Universal CT Representations from Anatomy to Disease Phenotype through Agglomerative Pretraining

Haoyu Dong; James E. Baciak; Mojtaba Safari; Shansong Wang; Xiaofeng Yang; Yuan Gao; Yuheng Li; Yuxiang Lai

arxiv: 2605.21906 · v2 · pith:OIVZEORGnew · submitted 2026-05-21 · 💻 cs.CV

Universal CT Representations from Anatomy to Disease Phenotype through Agglomerative Pretraining

Yuheng Li , Yuan Gao , Haoyu Dong , Yuxiang Lai , Shansong Wang , Mojtaba Safari , James E. Baciak , Xiaofeng Yang This is my paper

Pith reviewed 2026-05-22 07:47 UTC · model grok-4.3

classification 💻 cs.CV

keywords CTfoundation modelpretrainingmedical imagingsegmentationclassificationvision-language

0 comments

The pith

A single CT foundation model trained in three agglomerative stages matches or exceeds task-specific models across five clinical task families.

A machine-rendered reading of the paper's core claim, the machinery that carries it, and where it could break.

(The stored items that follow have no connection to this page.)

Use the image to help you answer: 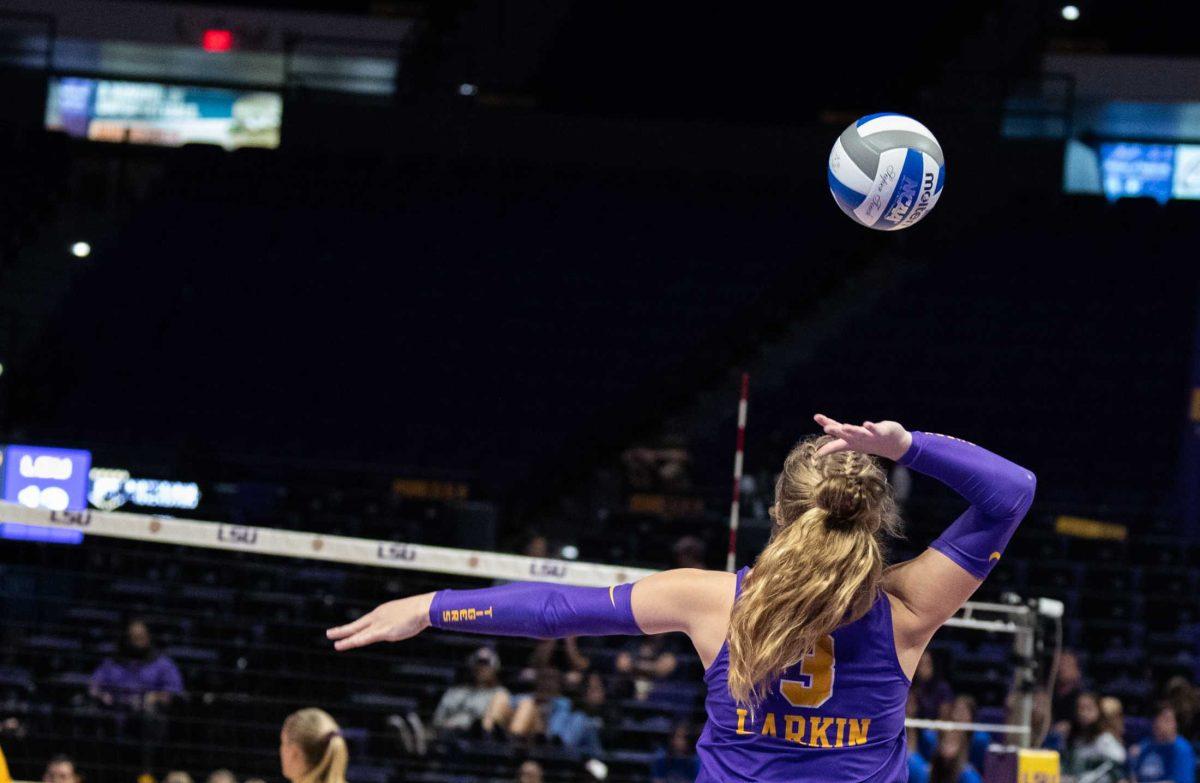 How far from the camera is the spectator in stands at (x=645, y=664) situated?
34.8ft

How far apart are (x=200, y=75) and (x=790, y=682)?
806 inches

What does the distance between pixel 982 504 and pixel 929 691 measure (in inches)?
332

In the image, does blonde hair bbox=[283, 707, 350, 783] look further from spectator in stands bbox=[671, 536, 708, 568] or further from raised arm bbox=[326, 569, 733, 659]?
spectator in stands bbox=[671, 536, 708, 568]

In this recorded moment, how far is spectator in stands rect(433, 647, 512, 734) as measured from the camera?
9.92 meters

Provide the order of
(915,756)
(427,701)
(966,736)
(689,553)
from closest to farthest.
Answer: (915,756)
(966,736)
(427,701)
(689,553)

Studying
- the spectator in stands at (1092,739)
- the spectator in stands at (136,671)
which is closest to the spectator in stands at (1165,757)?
the spectator in stands at (1092,739)

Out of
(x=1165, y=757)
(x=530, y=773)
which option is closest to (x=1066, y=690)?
(x=1165, y=757)

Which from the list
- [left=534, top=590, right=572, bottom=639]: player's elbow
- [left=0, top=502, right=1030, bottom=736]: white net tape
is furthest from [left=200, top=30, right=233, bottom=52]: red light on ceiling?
[left=534, top=590, right=572, bottom=639]: player's elbow

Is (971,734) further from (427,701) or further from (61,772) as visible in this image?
(61,772)

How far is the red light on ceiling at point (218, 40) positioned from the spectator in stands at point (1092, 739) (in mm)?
15032

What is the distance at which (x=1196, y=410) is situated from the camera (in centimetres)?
1775

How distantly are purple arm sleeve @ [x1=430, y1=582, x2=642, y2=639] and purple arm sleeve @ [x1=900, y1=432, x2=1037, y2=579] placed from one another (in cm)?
58

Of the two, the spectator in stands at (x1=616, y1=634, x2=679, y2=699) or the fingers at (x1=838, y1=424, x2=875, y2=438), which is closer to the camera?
the fingers at (x1=838, y1=424, x2=875, y2=438)

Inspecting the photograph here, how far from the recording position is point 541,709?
1023cm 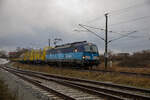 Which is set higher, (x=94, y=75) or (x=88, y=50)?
(x=88, y=50)

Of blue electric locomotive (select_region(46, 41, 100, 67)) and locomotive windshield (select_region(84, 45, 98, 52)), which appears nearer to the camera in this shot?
blue electric locomotive (select_region(46, 41, 100, 67))

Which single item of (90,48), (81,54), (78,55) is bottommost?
(78,55)

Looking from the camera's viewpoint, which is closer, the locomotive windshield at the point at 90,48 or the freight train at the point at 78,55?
the freight train at the point at 78,55

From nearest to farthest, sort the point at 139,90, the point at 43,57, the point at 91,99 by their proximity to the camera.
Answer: the point at 91,99 < the point at 139,90 < the point at 43,57

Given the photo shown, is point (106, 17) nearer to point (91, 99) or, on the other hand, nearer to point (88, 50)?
point (88, 50)

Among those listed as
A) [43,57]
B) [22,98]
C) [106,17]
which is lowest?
[22,98]

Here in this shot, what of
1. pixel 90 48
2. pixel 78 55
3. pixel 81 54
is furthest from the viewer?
pixel 78 55

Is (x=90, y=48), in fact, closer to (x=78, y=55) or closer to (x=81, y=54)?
(x=81, y=54)

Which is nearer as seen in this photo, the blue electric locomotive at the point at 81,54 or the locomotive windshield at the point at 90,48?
the blue electric locomotive at the point at 81,54

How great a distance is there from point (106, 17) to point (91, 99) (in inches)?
692

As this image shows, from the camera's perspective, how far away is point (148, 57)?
39531mm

The paper introduces FlexiCT, a family of models pretrained on 266,227 CT volumes drawn from 56 public datasets. It uses a three-stage process that starts with 2D axial slices, moves to 3D anatomical volumes, and finishes with report-guided semantic alignment. The goal is to replace the current patchwork of separate models for different CT tasks with one set of general representations. If the approach holds, clinicians and researchers could use the same embeddings for segmentation, classification, registration, report interpretation, and retrieval while also reading off disease progression signals directly from the learned space.

Core claim

FlexiCT is trained by agglomerative continual pretraining in three stages—two-dimensional axial pretraining, three-dimensional anatomical pretraining, and report-guided semantic alignment—on 266,227 CT volumes from 56 publicly available datasets. The resulting representations match or exceed prior task-specific approaches on benchmarks spanning segmentation, classification, registration, vision-language understanding, and clinical retrieval. The same embeddings further organize scans along gradients linked to tumor stage progression.

What carries the argument

Three-stage agglomerative continual pretraining that progressively builds slice-level, volume-level, and vision-language representations from the same data pool.

If this is right

One model family supports slice-level, volume-level, and vision-language analysis without retraining from scratch.
Embeddings capture disease phenotype information such as tumor stage gradients even without explicit supervision for those labels.
A public checkpoint and code release creates a shared starting point for new CT tasks instead of training each one separately.
Clinical retrieval and report alignment become feasible using the same representation space built for imaging tasks.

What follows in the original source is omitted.